Hanging on the wall of the lobby of ‘Day One North’, a glass covered low-rise office building in the middle of Seattle’s growing South Lake Union technology district, is a piece of art by American artist Keith Haring called “Double Retrospect”. It is a 32,000 piece jigsaw made up of multi-coloured characters doing quirky things.

A small plaque to the left of the piece reads: “It makes total sense that the world’s largest store has the world’s largest puzzle.”

Day One? The building got it’s name from the Bezos’s insistence that it is still Day One of the internet. North? Because there’s also a South, just opposite, obviously.

It is one of 20 buildings in the Amazon campus – all with equally intriguing names, from Wainwright, the surname of the first customer, to Fiona, the original code-name for Kindle – that house the internet giant’s 20,000 or so Seattle staff.

It is all a far cry from the small garage, across Lake Washington in suburban Bellevue, from which the then 31-year-old Bezos, his wife and first employee Shel Kaphan began the business.

Twenty years after Amazon delivered its first book – the business began in 1994 as Cadabra but only became Amazon a year later after a lawyer misheard its original name as Cadaver – Bezos is sitting in a non-descript meeting room on the fourth floor of Day One North, wearing a trademark button-down blue checked shirt, and jeans, playing with a coffee cup.
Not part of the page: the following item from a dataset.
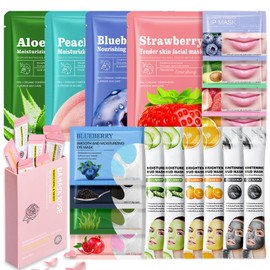 28-Piece Face Masks Skincare Set – Hydrating Facial Sheet Mask, Lip & Eye Mask, Preppy Stuff Face Mask Set For Glowing Skin – Girls Party Bag Fillers, Pamper Gifts For Women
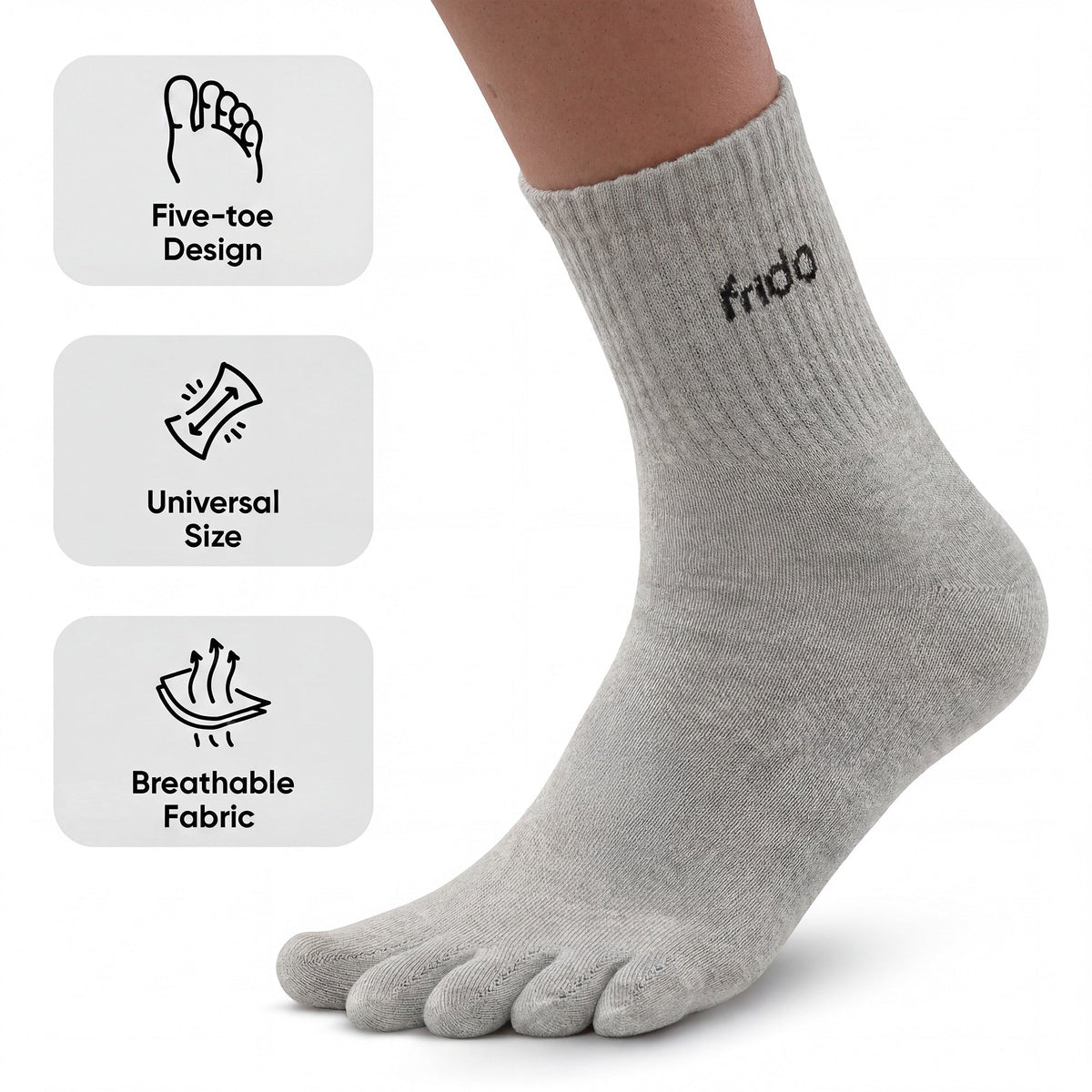 Frido Five Toe Socks - Solid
Jeff Bezos (Photo: Daniel Berman for The Telegraph)

“Twenty years? Isn’t that amazing,” he beams. “In some ways it seems as if it all just happened yesterday, and in some ways it seems like 100 years.”

The company started out as a business plan, written by Bezos while still at D. E. Shaw, the Wall Street hedge fund. On the back of the plan he raised $300,000 (£191,747) and headed west with MacKenzie to start their new adventure.

“The original Amazon plan was focused exclusively on books, and I expected the company to grow slowly over a large number of years. But it actually grew very quickly right from the beginning.”

“These are very humble roots I can assure you,” he smiles. “I drove the packages to the Post Office in my Chevy Blazer.”

Jeff Bezos holds a copy of “Fluid Concepts and Creative Analogies” by Douglas Hofstadter — the first book sold online by Amazon.com. The buyer was an Australian engineer, John Wainwright, living in California

But grow it did, from books to music to everything that can be delivered, Amazon developed from an online retailer into a multi-faceted business with offerings as varied as its cloud computing arm, AWS, and its original television production arm.

The company is now worth in excess of $245bn, and generated an unexpected profit of $92m on sales of $23.2bn in the second three months of this year. The profit was a rarity in Amazon earnings releases; Bezos prefers to reinvest earnings rather than return them to shareholders.

At the company’s heart over those past two decades, whether it has been going up against book retailers or publishers or even other technology giants such as eBay, appears to have been one concept: disruption.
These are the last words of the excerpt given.